Ya apenas me quedan diosas vivientes deambulando por estos atribulados y mutantes tiempos. La venerable anciana recientemente finada en California, Eleanor Parker, pertenece al mundo de mis fantasías. El destello inigualable que solo la industria del viejo Hollywood era capaz de crear descollaba en esta mujer. Una industria que no supo aprovechar todo el potencial que Parker emanaba. Pero son suficientes un puñado de filmes para que muchos, y muchas, amantes del cine clásico, tengan en esta actriz uno de sus máximos exponentes. No haré un recorrido sobre su filmografía, solamente esbozaré un breve mosaico tan refulgente como los vivos colores del cine de la época.

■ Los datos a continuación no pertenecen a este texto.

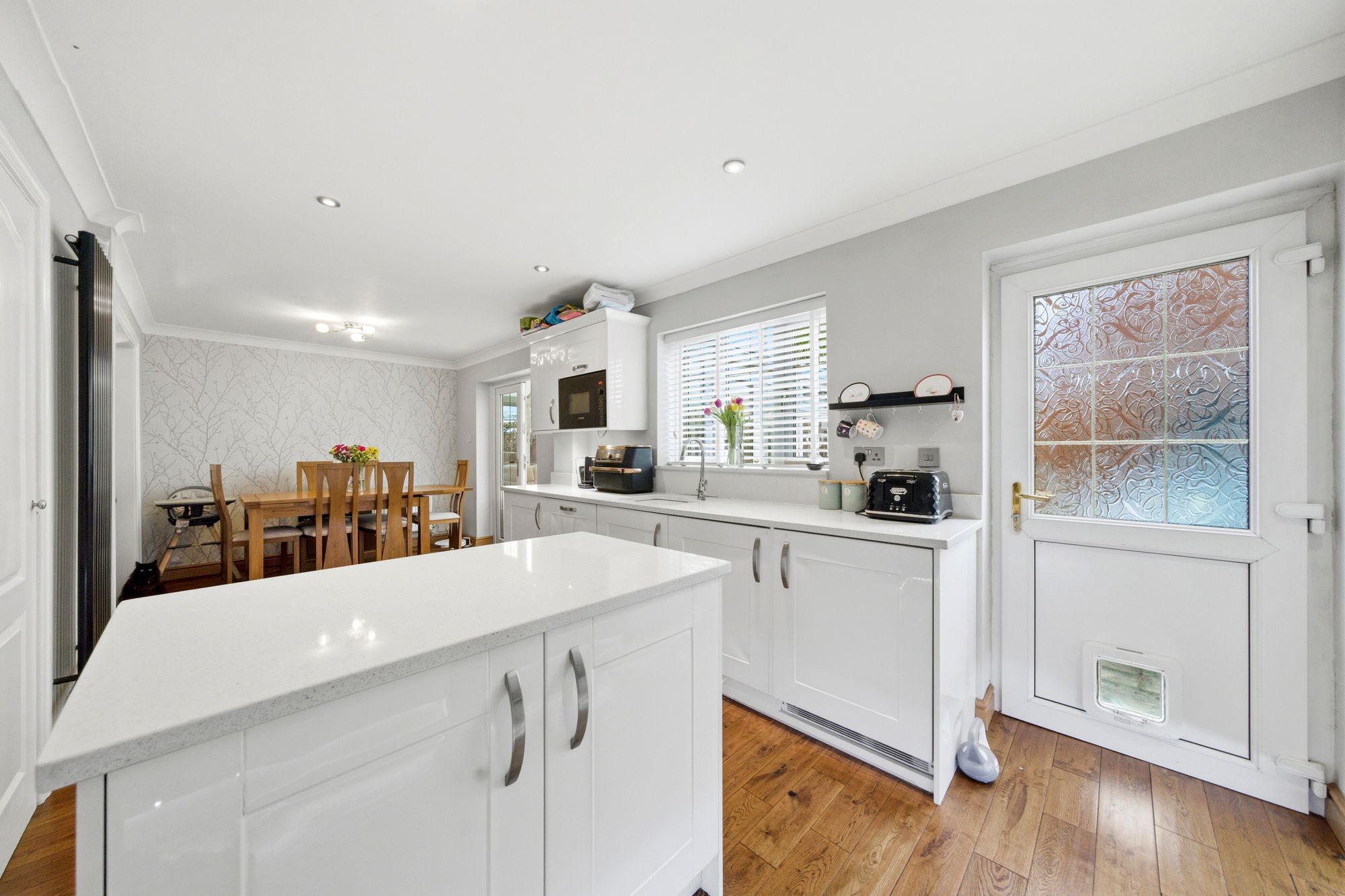 Clough House Drive, Leigh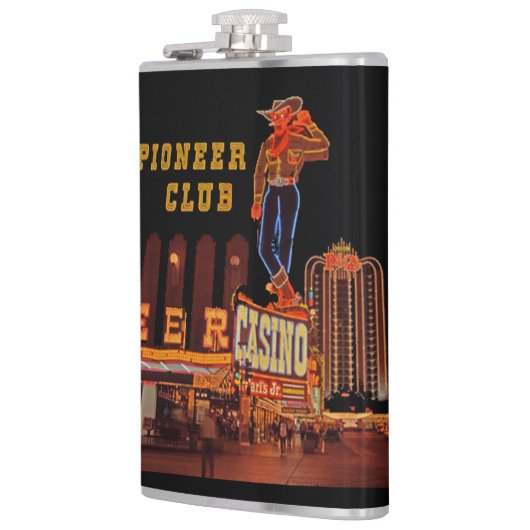 Las Vegas Flask Heupfles (Links)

La bellísima y elegante dama de una Nueva Orleans todavía con ecos de Francia, en una jungla imposible, que destilaba estilo en cada secuencia más allá del piano. La rea sensible condenada por las circunstancias. La aristocrática austríaca reflejo de un mundo agonizante. Enfundada en unas botas y atuendo vaquero que no hacían palidecer un ápice su inmarcesible belleza y su exquisitez sin afectación. Y ese sea posiblemente uno de sus atributos más decisivos. Demostraste que se podía ser bella, talentosa y creíble. Porque pocas veces en la pantalla el brillo de unos increíbles ojos transmitían sentido, sensualidad e inteligencia en una tríada como lo hacía Eleanor.

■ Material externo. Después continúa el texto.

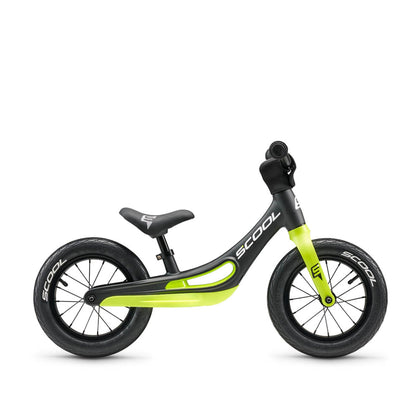 Laufrad - S'COOL pedeX Magnesium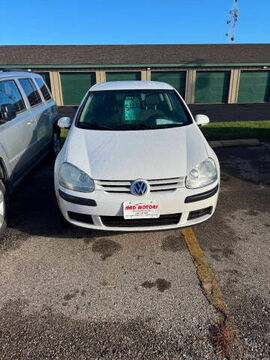 2009 VOLKSWAGEN Rabbit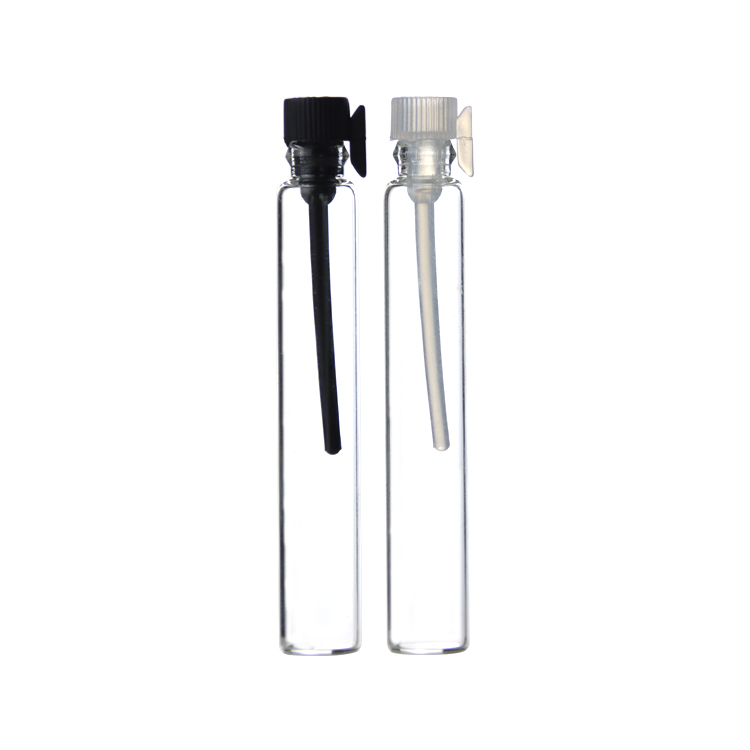 Wholesale 1ml 2ml 3ml Spray Bottles Perfume Sample Tubes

Los desvelos de San Agustín hubiesen quedado resueltos si hubiese sido contemporáneo de tu hermosa sonrisa. Siempre permanecerás entre nosotros, como parte indeleble de nuestros sueños, adorada Leonore de capa y espada. Tu imagen merece un puesto de honor en mi particular Walhalla, en un busto que el mismísimo Bernini no hubiese dudado en esculpir.